One police officer was rushed away from the scene of the clashes with a head wound, according to an AFP reporter.
Demonstrators rejected a police demand to leave the area around Yingluck's offices within one hour, a day after they poured buckets of cement onto a sandbag wall in front of a gate to the compound.
"The government cannot work here anymore," said a spokesman for the anti-government movement, Akanat Promphan.
"The arrests don't affect us. The will of the people is still strong. The government is trapped. It has no way forward."
About 100 opposition demonstrators were arrested at a different rally site at an energy ministry complex in the capital on charges of violating a state of emergency, National Security Council chief Paradorn Pattanatabut told AFP.
The protesters are demanding Yingluck resign and hand power to a temporary, unelected government that would carry out reforms to tackle corruption and alleged misuse of public funds before new elections are held.
Thailand has been periodically rocked by mass demonstrations staged by rival protest groups since a controversial military coup in 2006 that ousted then-premier Thaksin Shinawatra -- Yingluck's brother.
Eleven people have died and hundreds of others have been injured in political violence linked to the latest round of rallies, which have been targeted by a series of grenade attacks and drive-by shootings by unidentified perpetrators.
Demonstrators have blocked major intersections in a self-styled "shutdown" of the capital, although attendance has dropped sharply compared with December and January when at the peak tens, or even hundreds, of thousands of people took to the streets.
So far the authorities have not announced any plan to clear those road junctions in the retail and commercial centre.
Yingluck's government held a general election on February 2 in an attempt to defuse tensions, but the opposition boycotted the vote, saying it would not end the kingdom's long-running political crisis.
Demonstrators prevented 10,000 polling stations from opening in the election, affecting several million people.
Yingluck's opponents say she is a puppet for her brother Thaksin, a billionaire tycoon-turned-politician who fled overseas in 2008 to avoid jail for a corruption conviction.

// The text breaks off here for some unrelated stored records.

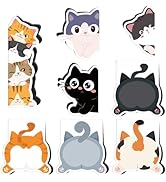 Cute Cat Magnetic Bookmarks Gifts - Wxiben 8 Pcs Cartoon Cats Magnet Book Page Markers for Readin...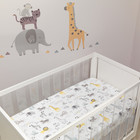 Lambs   Ivy Animal Jungle Soft 100  Cotton Jersey Baby Fitted Crib Sheet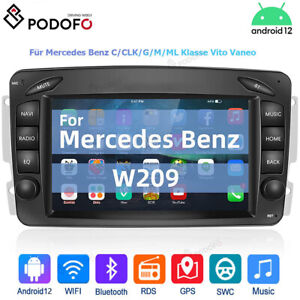 7" Android 12 Radio samochodowe GPS do Mercedes Benz Klasa C / CLK / G W203 W209 W463 VITO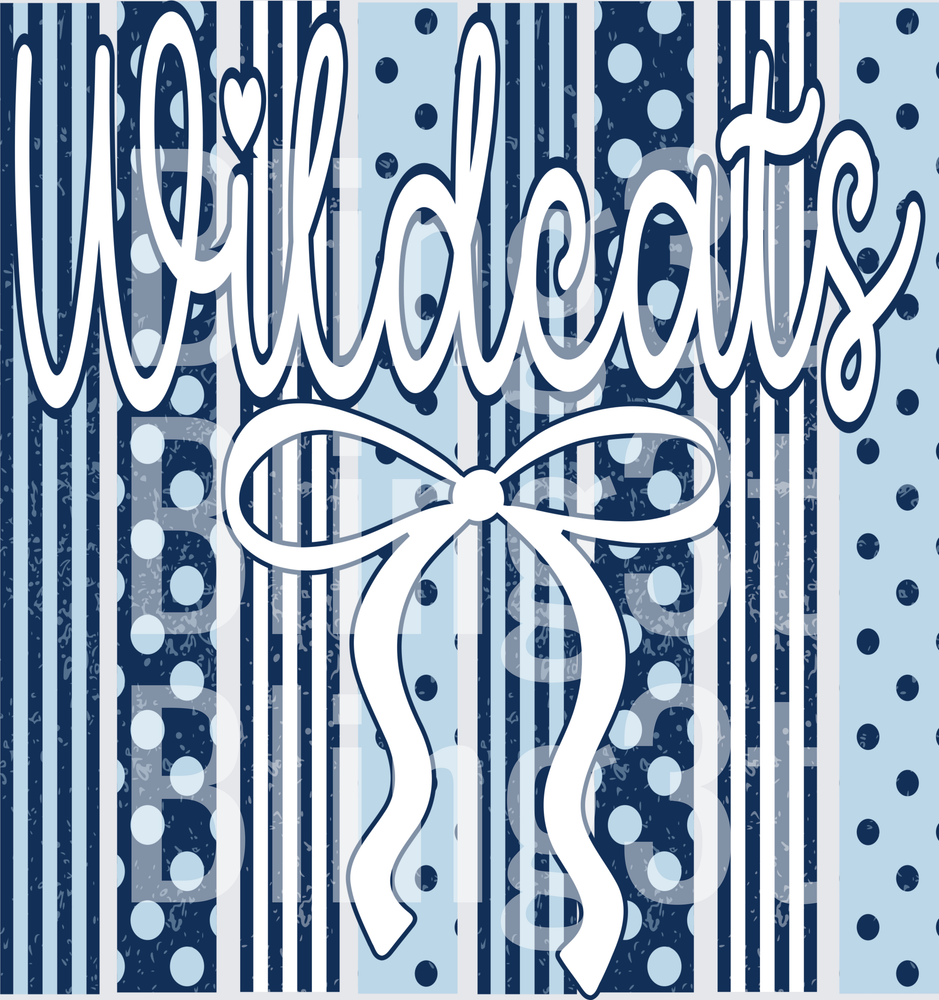 Wildcats navy and light blue stripes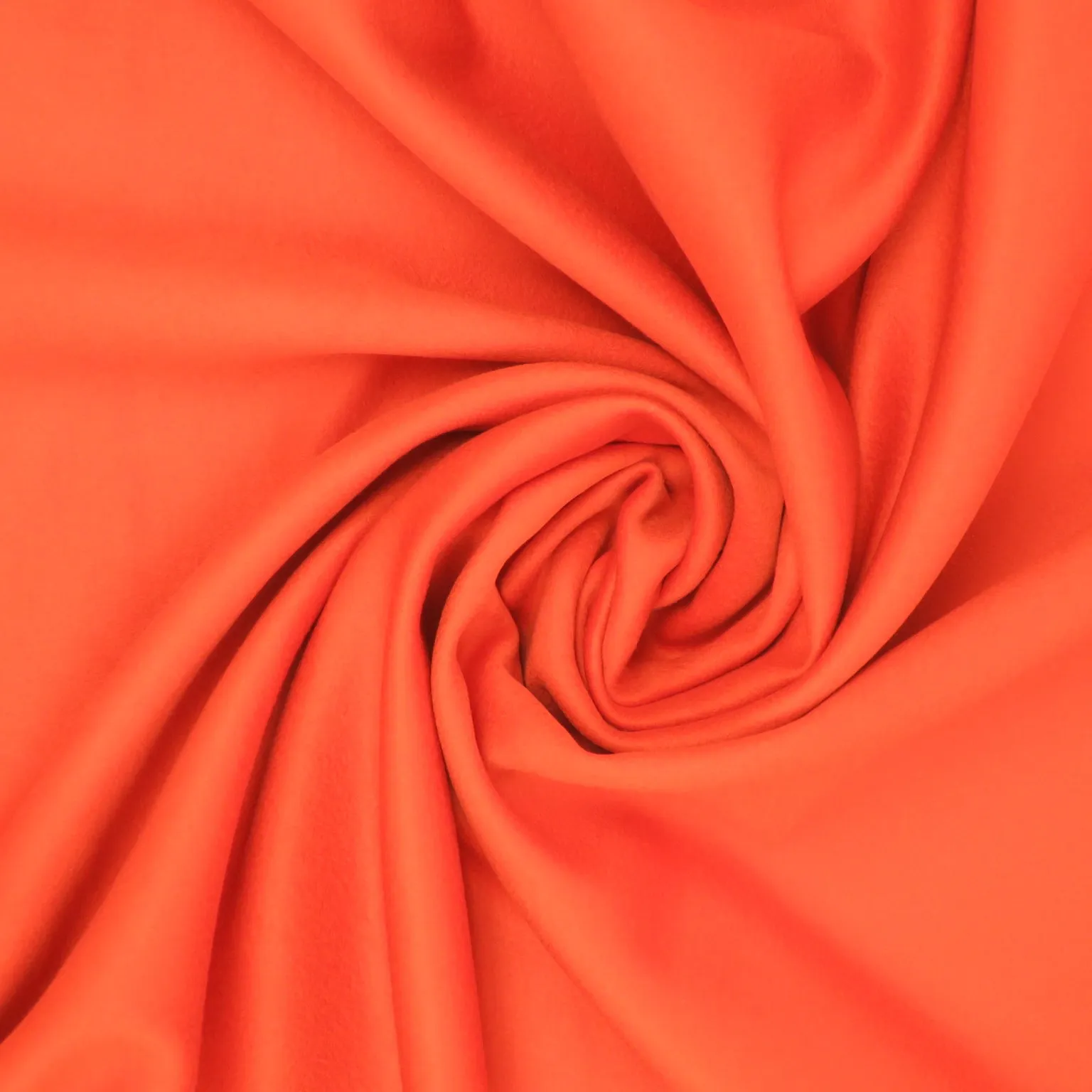 Portland Orange Solid Silk & Wool Blend Fabric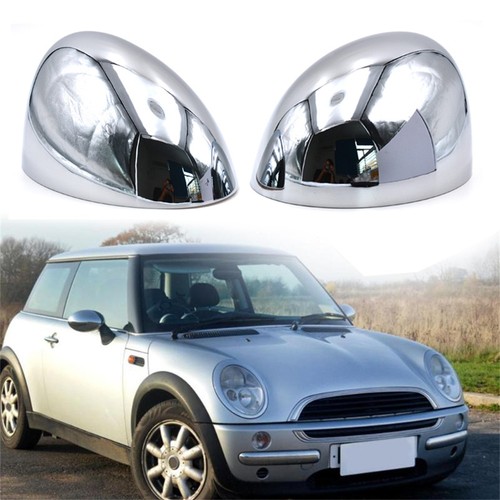Pair chrome wing - mirror, covers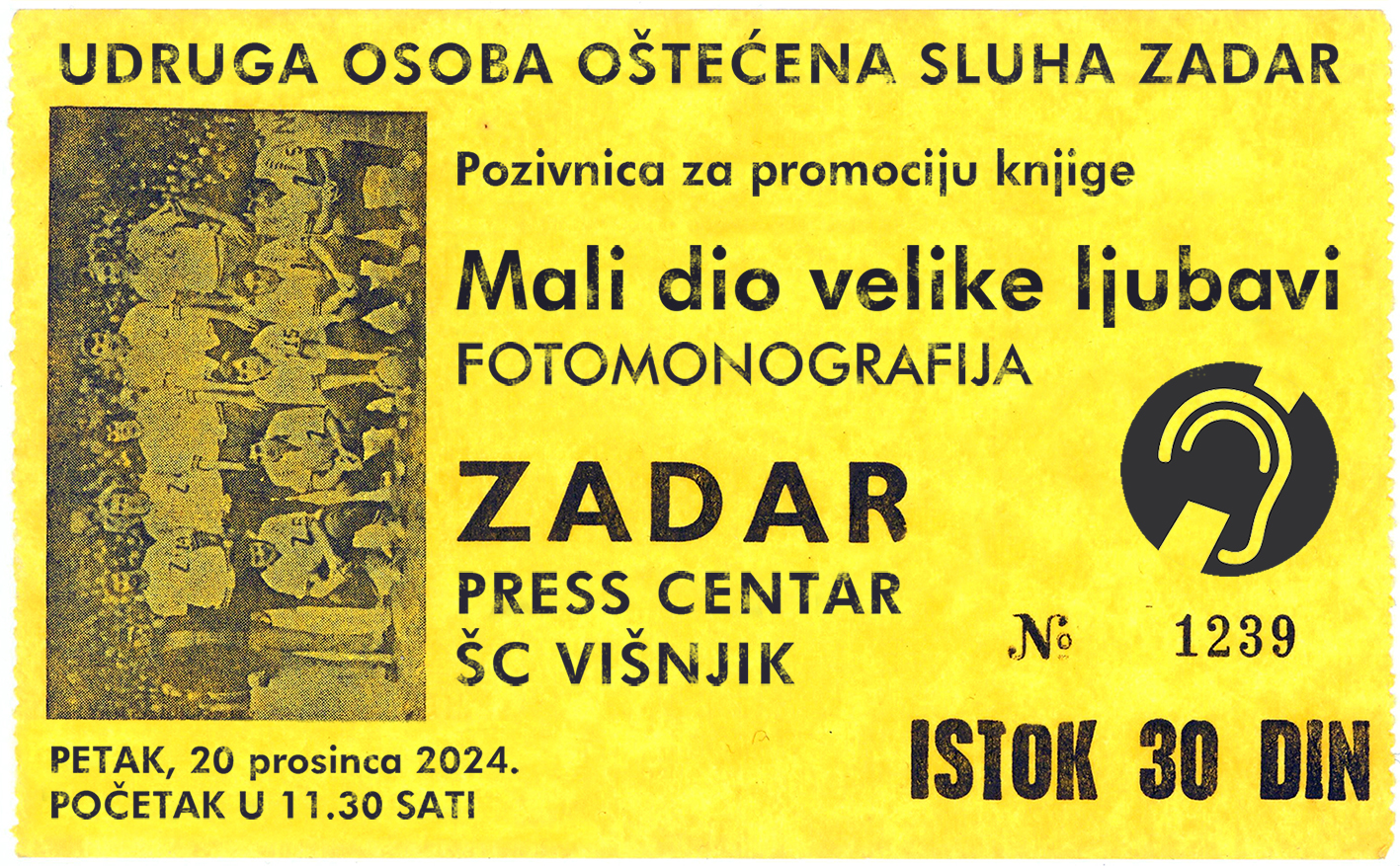 Predstavljanje foto monografije „Mali dio velike ljubavi“: Priča o zadarskoj košarci i društvenoj inkluziji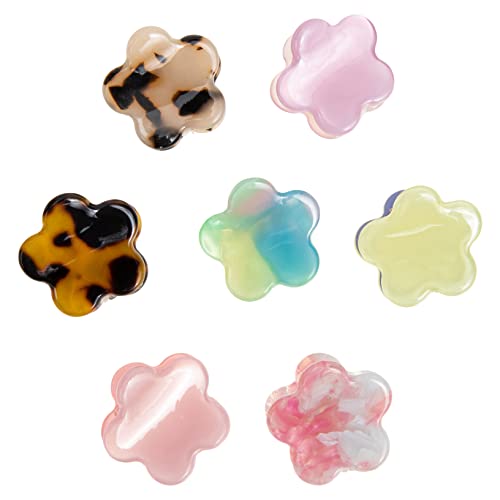 BATHVEVE 7 Stück Teiliges Blumenförmige Haarklammern für Mädchen Bunte Haarspangen Rutschfeste Claw Clips für Dünnes und Mitteldickes Haar Haarschmuck von BATHVEVE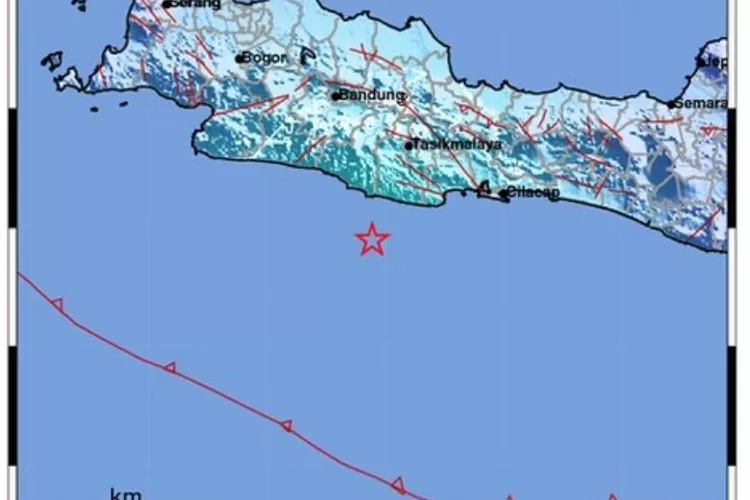 Gempa Bumi Magnitudo Guncang Pangandaran Hingga Sukabumi Jawa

Pro-Thaksin parties have triumphed at the ballot box for more than a decade, helped by strong support in the northern half of the kingdom.
But many southerners and Bangkok residents accuse Thaksin and his sister of using taxpayers' money to buy the support of rural voters through populist policies such as a controversial rice farm subsidy scheme.
Thaksin is also hated by many in the kingdom's royalist establishment who see him as a threat to the monarchy, at a time of anxiety over the health of 86-year-old King Bhumibol Adulyadej.
Some observers say that behind the street protests, a clash is unfolding over who will be running the country when the revered but ailing monarch's more than six-decade reign comes to an end.
The deployment of security forces has revived memories of a military crackdown on mass pro-Thaksin "Red Shirt" rallies in 2010 under the previous government that left dozens dead.
Yingluck's government has so far been reluctant to use force to disperse the latest protests while the military -- traditionally a staunch backer of the anti-Thaksin establishment -- has said that it does not want to be drawn into the standoff.
At the same time the army chief has refused to rule out another coup, while the United States has urged the military not to seize power again.